Peering into food with X-rays and microscopes to create the perfect bite

CT scans to bake better biscuits

The difference between an American cookie and an English biscuit may seem like “tomayto tomahto” to the uninitiated, but the distinction is deeper than a name. Biscuits are meant for dunking in tea and, as Ted Lasso fans know, are good for melting a frosty boss. And though cookies are chewy, any self-respecting English biscuit is crisp and crumbly, firm and light, and breaks with a satisfying snap.

The snap comes from the biscuit’s airiness. That air-to-mass ratio depends on the precise mix of ingredients and how they interact under mixing and heat, creating connected air pockets amid the fat, flour, and sugar. “All these changes happen during the baking process, and it all relates to the eating experience,” says Jay Warnett, a mechanical systems engineer at the University of Warwick.

To uncover the secret behind a perfectly snappy biscuit, Warnett and his colleagues recently watched dough rise at the microscopic level. The team took X-ray computed tomography (CT) scans of biscuits as they baked. Their goal: to understand how recipe, baking time, and temperature affect a biscuit’s pore volume and thickness.

Confectionary giant Cadbury is using the delicious data to hone its culinary craft. The company runs simulations of its manufacturing processes and will feed Warnett’s data into the simulations. “Believe it or not, biscuits are big business,” he tells Newscripts.

Warnett typically studies industrial products such as wind turbine blades and race car parts. He feeds the objects into a CT scanner similar to the ones used for medical imaging. An X-ray source and detector take images of the objects from every angle as they rotate, and computer algorithms reconstruct a high-resolution image from the 360° scans.

To study biscuits, the team MacGyvered an “oven fashioned from an Amazon purchase, not a nice Bosch oven” that fits inside the CT scanner, he says. Cadbury sent them refrigerated biscuit dough that they popped into the oven and scanned once every 20 seconds during the 8-minute baking time.

One finding new to Cadbury: biscuits, much like cakes, rise during the baking process and then dip ever so slightly at the end. “That’s indicative of when the baking process has finished, and there’s no point keeping them in the oven longer,” Warnett says.

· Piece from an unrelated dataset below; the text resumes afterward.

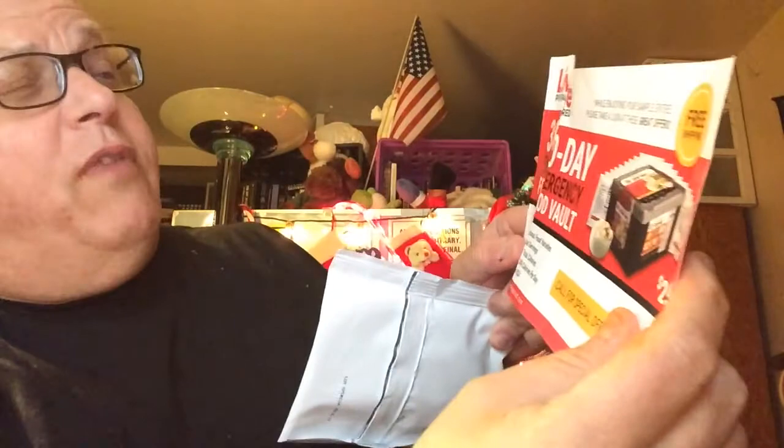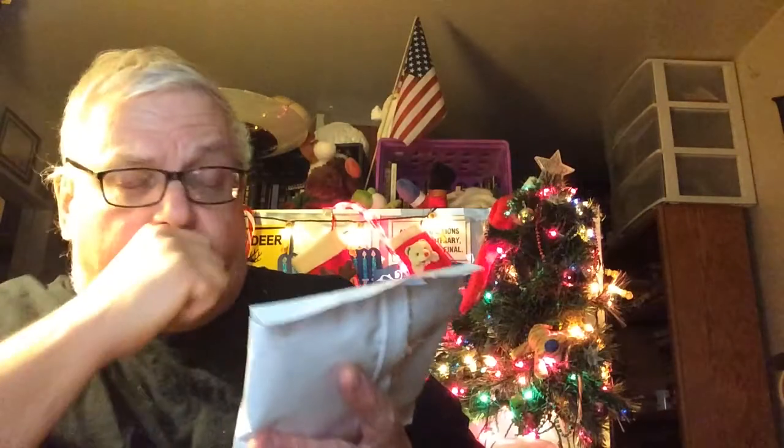They also have a 30-day emergency food vault for $259 — that's what was in the envelope. And this is a package of creamy potato soup. It says milk, soy, wheat, and a whole bunch of other stuff — onions, chicken stock, onion powder, sugar, caramel color, dehydrated onions.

The particular biscuit they studied is a secret, he adds, but Cadbury will be sending them other varieties in the future. “They’ll all respond differently. A Digestive is very different from a Jammie Dodger.”

AFM: A food’s mouthfeel

As evident from snappy biscuits, juicy peaches, and crunchy chips, a food’s mouthfeel is key to its palatability. But the biophysics behind how food texture affects flavor needs more in-depth study. Melanie Köhler, Veronika Somoza, and colleagues at the Technical University of Munich (TUM) suggest using atomic force microscopy (AFM) to study mouthfeel on a cellular and molecular level (Nat. Food 2024, DOI: 10.1038/s43016-024-00958-3).

Food compounds trigger chemical receptor cells in taste buds. The TUM researchers are studying whether food molecules also activate mechanical receptors found in cell membranes. Molecules binding to mechanoreceptors could open ion channels, for instance, Köhler says, or physical parameters such as viscosity could activate or inhibit receptors.

The team exposes mechanoreceptor-containing cells to food compounds and scans the cells’ surfaces with an AFM’s nanoscopic tip “like an old-school record player,” she says. Measuring the tip’s deflection with a laser shows changes in the cell’s elasticity in response to the compounds.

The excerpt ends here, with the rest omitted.